There was an error in the original publication [1]. In Equation (1), the global control parameter $K$ should be divided by the node degree $k$ in all calculations, which provides an overall shift of the synchronization point $K_c$ by a factor of 10 in case of $d=5$ lattices. To compensate for it, we added a division factor $k_i$ to Equation (1), which makes the results in $d=5$ comparable with former numerical findings.
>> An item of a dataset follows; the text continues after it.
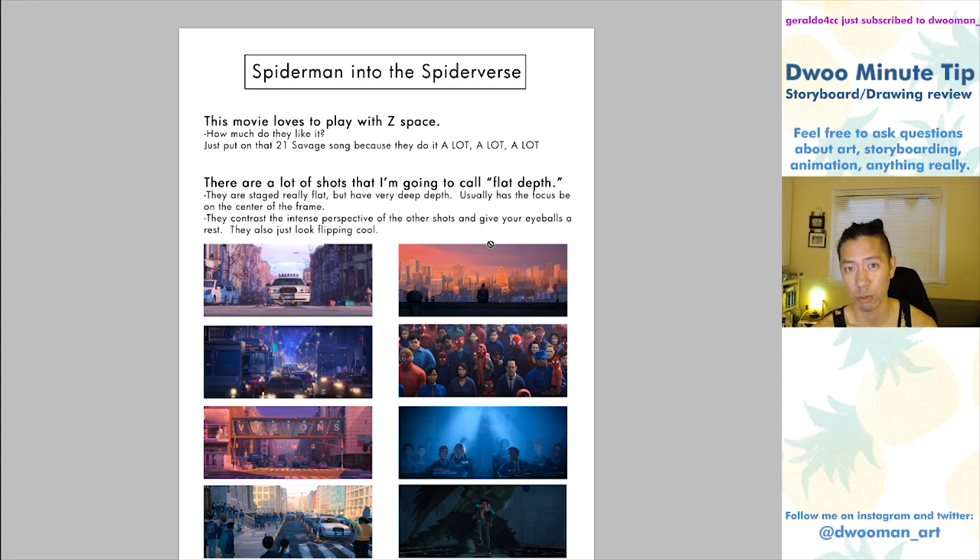Every single screenshot I took was just a painting. This is going to be mostly about shot analysis and things that I noticed about the film — things that I thought were cool. We're going to talk about shot choice, editing, and mostly composition: the way things are presented in the movie and how they make you feel.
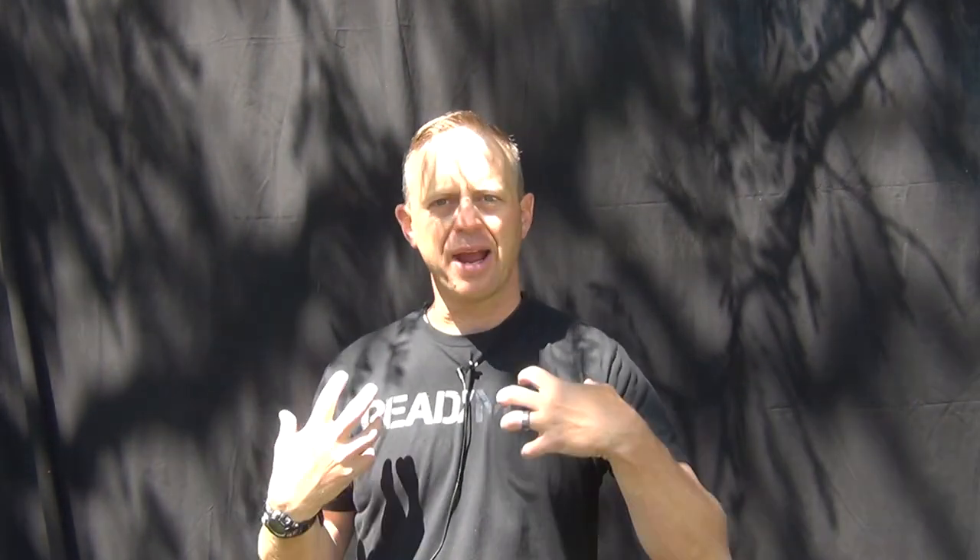This is going to be a video on how to properly size a rucksack or a backpack. This is one of the best techniques you can do to ensure a comfortable hike.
A correction has been made to Materials and Methods, paragraph 1:

“The model introduced by Kuramoto [5] is one of the most studied for oscillatory systems. In addition to the original global coupled system, we can define a locally coupled version on graphs [3], in which phases ${\theta }_i\left(t\right)$ located at $N$ nodes of a network follow the dynamical equation

$${\dot{\theta }}_i\left(t\right)={\omega }_i^0+{\displaystyle \frac{K}{k_i}}{\sum }_j{A}_{ij}\sin \left[{\theta }_j\right(t)-{\theta }_i(t\left)\right].$$

(1)

The global coupling $K$ (divided by the node degree $k_i$ of the $i$-th node) is the control parameter, by which it is possible to tune the system between asynchronous and synchronous states. The summation is performed over the nearest neighboring nodes, with connections described by the adjacency matrix $A_{ij}$ and ${\omega }_i^0$ denoting the quenched self-frequency of the $i$-th oscillator, which is chosen from a Gaussian distribution with zero mean and unit variance. When $A_{ij}$ describes a full graph, the dynamical behavior is of mean-field type [18]. The critical dynamical behavior has been explored on various random graphs [16,17]. In regular lattices synchronization, phase transition can happen only above the lower critical dimension $d_l^{-}=4$ [6]. In lower dimensions, a true singular phase transition in the $N\to \infty$ limit is not possible, but partial synchronization emerges with a smooth crossover if the oscillators are strongly coupled.”

Upgraded Figure

There is an update to Figure 3 in the original publication as published. “To check if there is a real phase transition with a critical point $K_c$ independent of the system size, the vertical axis for the inset of the fluctuation $\sigma \left(R\right)$ is rescaled with respected to the system size $N$, which shows the expected FSS in 5d.” The corrected Figure 3 appears below.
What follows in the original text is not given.